A sombra do “inigualável” Jardim

A sombra de Jardim continua a pairar num ambiente político consumido pelo tempo, como se a Madeira se mantivesse prisioneira do “inigualável” que dela fez o seu pequeno reino do “quero, posso e mando”.

A Madeira foi domingo às urnas para decidir entre a continuação do interminável reinado do PSD ou uma “mudança” inédita protagonizada pelo PS. Apesar de tudo, parecia mais provável a reedição do primeiro cenário, embora sem maioria absoluta laranja – e foi isso o que aconteceu. Mas uma das surpresas mais curiosas da campanha eleitoral seriam as declarações ao Expresso de Paulo Cafôfo, o candidato socialista à presidência do Governo regional, qualificando Alberto João Jardim de “personalidade inigualável”. Não, não era ironia, como Cafôfo se apressou a esclarecer, era mesmo um elogio sincero, tendo em conta a importância “inigualável” de Jardim na história da Madeira como pai da autonomia (apesar de manchada por agressivos laivos separatistas) e do desenvolvimento regional (embora rapidamente sacrificado ao império dos novos ricos do betão). Ou seja: esquecendo o preço que a democracia, o civismo, a cultura, o equilíbrio ambiental, entre tantas coisas mais, tiveram de pagar como tributo ao culto do supremo chefe Jardim.

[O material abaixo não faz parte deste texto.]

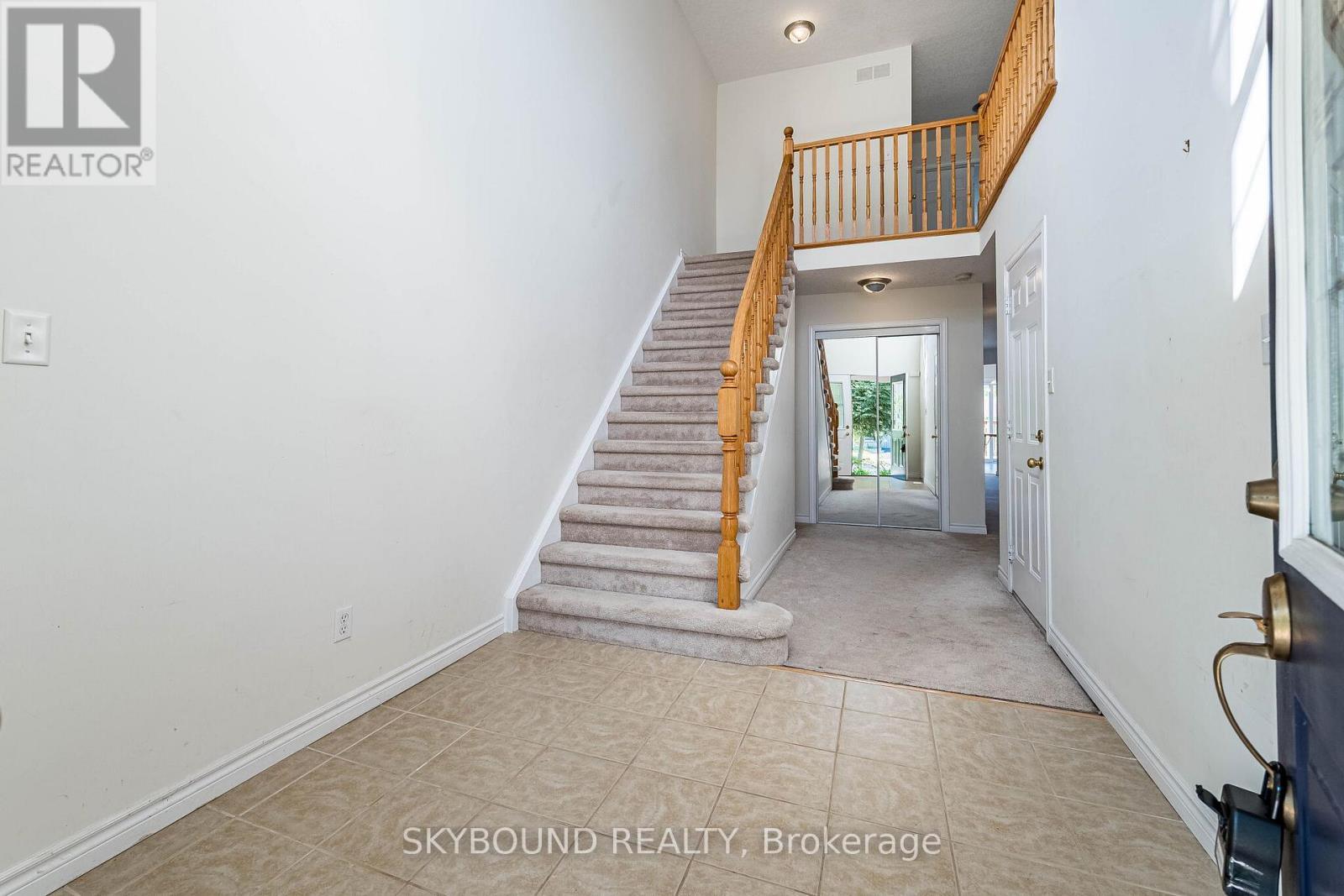 735 Karlsfeld Road Property Photo 3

Mas que o principal candidato à “mudança” na Madeira tivesse escolhido como exemplo inspirador o homem que governou o arquipélago com um intolerante estilo ditatorial, populista, megalómano e despesista, durante quase quatro décadas, não constitui verdadeiramente uma surpresa. É a prova provada de que a Madeira continua refém do jardinismo, mesmo quando se trata de ensaiar uma qualquer “mudança”. Cafôfo terá pretendido capitalizar a seu favor o voto da nostalgia jardinista que se teria desencantado com a governação de Miguel Albuquerque, mas sem ter em conta os últimos desenvolvimentos da relação de Jardim com o seu sucessor.

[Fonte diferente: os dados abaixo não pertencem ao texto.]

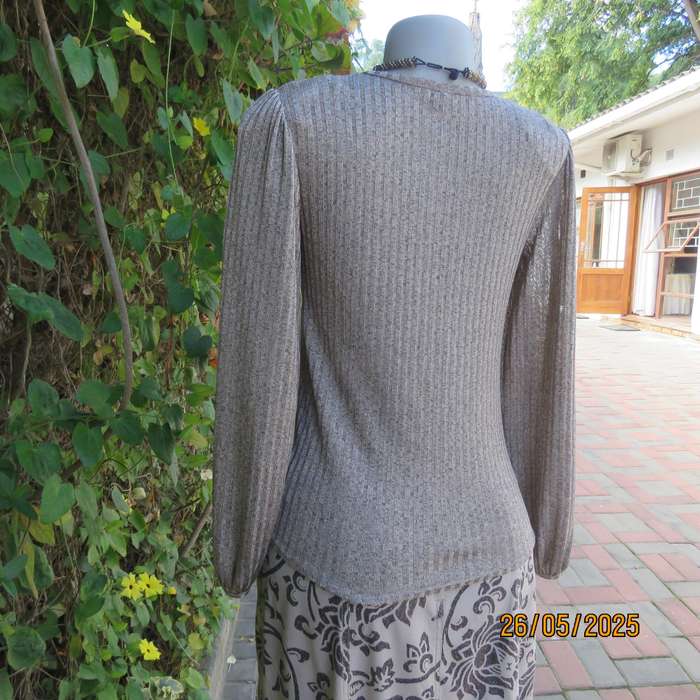 IDENTITY mottled beige soft stretch polyester long sleeve slip over top size 34.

De facto, depois de um longo período de zanga e ressentimento que levou inclusivamente Jardim a criar um blogue para zurzir forte e feio no Governo de Albuquerque, aconteceu aquilo que pareceu ser um inesperado milagre de reconciliação. O “inigualável" não só passou a aparecer de novo nas festas do PSD como se tornou uma presença exuberante na campanha eleitoral ao lado do “herdeiro” a quem votara um feroz ódio de estimação.

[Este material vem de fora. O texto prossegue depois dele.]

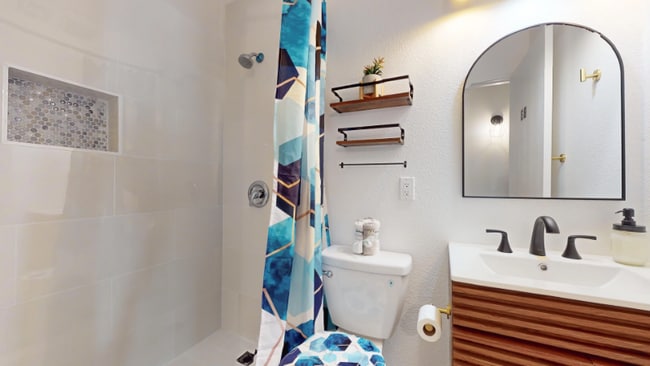 Photo - 7901 Aplin Ave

Afinal, nem Jardim conseguiu resistir a um afastamento demasiado prolongado do palco laranja nem Albuquerque – precocemente desgastado pelas canseiras do poder – pôde permitir-se dispensar a companhia incómoda e ofuscante do seu antecessor. Restava apenas saber até quando esta convivência iria perdurar de modo pacífico – o que parecia problemático atendendo ao insaciável apetite de Jardim pelo poder e à conhecida propensão para recusar papéis secundários, apesar da sua idade já avançada. Não foi preciso esperar muito. Logo na noite eleitoral, Jardim manifestou vivamente a sua insatisfação com o resultado do PSD, atribuindo-o aos dois primeiros anos “desastrosos” da governação de Albuquerque (por sinal, aqueles onde se viveu na Madeira um clima politicamente mais respirável). Mas isso aconteceu antes do próprio Alberto João ter reentrado em cena, tentando “deitar a mão” para impedir um eventual desastre eleitoral. Se não fosse ele, teria sido bem pior…

Apesar de ter falhado a “mudança”, o PS obteve ainda assim um resultado histórico, beneficiando da queda da abstenção mas também do desaparecimento político de alguns dos seus aliados na coligação da Câmara do Funchal, exceptuando o Juntos Pelo Povo, com três deputados – o mesmo número obtido pelo CDS. CDS que, no entanto, não deixou de celebrar pateticamente esses gloriosos três por cento como a confirmação do triunfo “do centro e da direita” (só porque iriam permitir a Albuquerque salvar por um triz a maioria absoluta perdida pelo PSD?). Entretanto, para além de tudo isto, a sombra de Jardim continua a pairar num ambiente político consumido pelo tempo, como se a Madeira se mantivesse prisioneira do “inigualável” que dela fez o seu pequeno reino do “quero, posso e mando”.